Governo avalia destinar “valores esquecidos” de correntistas para o Desenrola 2.0
O governo federal estuda uma nova alternativa para viabilizar o financiamento da próxima etapa do programa Desenrola: a utilização de valores esquecidos por correntistas em instituições financeiras. O montante seria direcionado para capitalizar o Fundo de Garantia de Operações (FGO), responsável por assegurar a renegociação de dívidas de inadimplentes. A proposta, elaborada pelo Ministério da Fazenda, foi debatida recentemente no Palácio do Planalto.
A nova fase do programa prevê que os bancos ofereçam descontos de até 90% no valor total dos débitos. A estratégia central é injetar aproximadamente R$ 10 bilhões no FGO para garantir o cumprimento das renegociações. Na prática, caso o devedor não honre o acordo estabelecido, o governo federal assume o pagamento utilizando os recursos deste fundo.
Como o FGO possui natureza jurídica de fundo privado e é administrado pelo Banco do Brasil, o plano da equipe econômica inclui a publicação de um novo edital. O objetivo é dar aos correntistas uma última oportunidade de consultar e resgatar a existência de valores “esquecidos” em contas bancárias antes que o dinheiro seja remanejado para o programa.
Preocupações no Planalto e próximos passos
Apesar de ser uma aposta para auxiliar brasileiros endividados em ano eleitoral, a iniciativa enfrenta cautela interna. Assessores da Presidência manifestaram preocupação de que a medida possa ser alvo de ações judiciais e sofra desgaste perante a opinião pública.
A decisão final sobre o formato do Desenrola 2.0 deve ser anunciada em breve.
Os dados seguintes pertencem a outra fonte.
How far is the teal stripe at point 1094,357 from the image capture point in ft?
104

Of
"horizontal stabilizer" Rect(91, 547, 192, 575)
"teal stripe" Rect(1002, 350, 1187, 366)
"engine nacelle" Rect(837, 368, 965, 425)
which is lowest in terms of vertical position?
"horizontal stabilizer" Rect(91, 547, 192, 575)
A expectativa do governo é oficializar o lançamento do programa antes do feriado do Dia do Trabalhador, comemorado em 1º de maio.
Tensões envolvendo a Polícia Federal
Em paralelo às articulações econômicas, o cenário político tem sido marcado pela repercussão de um caso envolvendo a Polícia Federal. Imagens que circulam nas redes sociais e na imprensa mostram agentes da corporação pressionando um morador a retirar da janela de sua residência uma faixa de protesto com a palavra “ladrão”. O episódio gerou forte indignação em setores da sociedade e da oposição, que acusam a ação de ser uma tentativa de intimidação e censura a um cidadão comum.